The Masonic Plot
The Masonic Plot refers to a supposed conspiracy by a group of Nihilists to assassinate the English/Scottish Royal Family in 1888.
The name comes from a pub all members of the group frequented, where they would drink too much and make wild claims about what was needed to further the cause. Violence was indeed discussed, but it seems unlikely any but Druett took these words seriously. The five men were not so much friends as acquaintences who had in common a vague devotion of Nihilism and firm devotion to getting drunk while complaining about the world.
At any rate, all group members were arrested and four of them were hanged:
- Monatgue Druett was the son of a family of doctors who tried to make his career at the bar, but failed. Depression over his mother's insanity and the fading of his glory days as a cricket player may have contributed to his assassination of the Prince Consort.
- Jacob Kosminiski was an alcholic from Veneda, who liked to talk about how kings and queens all conspired to make his life a misery. He was found "Not Guilty By Reason of Insanity" and locked up in an asylum for twelve years.

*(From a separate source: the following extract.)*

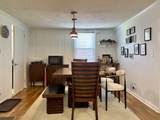 2533 Hibbitts Rd - Photo 16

- Dr. Franklin Tumblety was a bisexual physician who knew Druett from working with one of his brothers. His estranged wife was a prostitute and much was made at his trial of the body parts he had preserved in alchohol in his home (a common enough item for doctors of the time).
- John Maybrick was a former cotton merchant who had lost everything and become addicted to laudanum. He was also a heavy user of absinthe.
- Dr. T. Neal Cream was another physician who knew the Druetts. Evidence surfaced that he very likely had poisoned his wife for her money.
The most famous witness in the case was Sir William Gull, the ailing physician extraordinary to the Prince Consort who had declared Prince Albert deceased.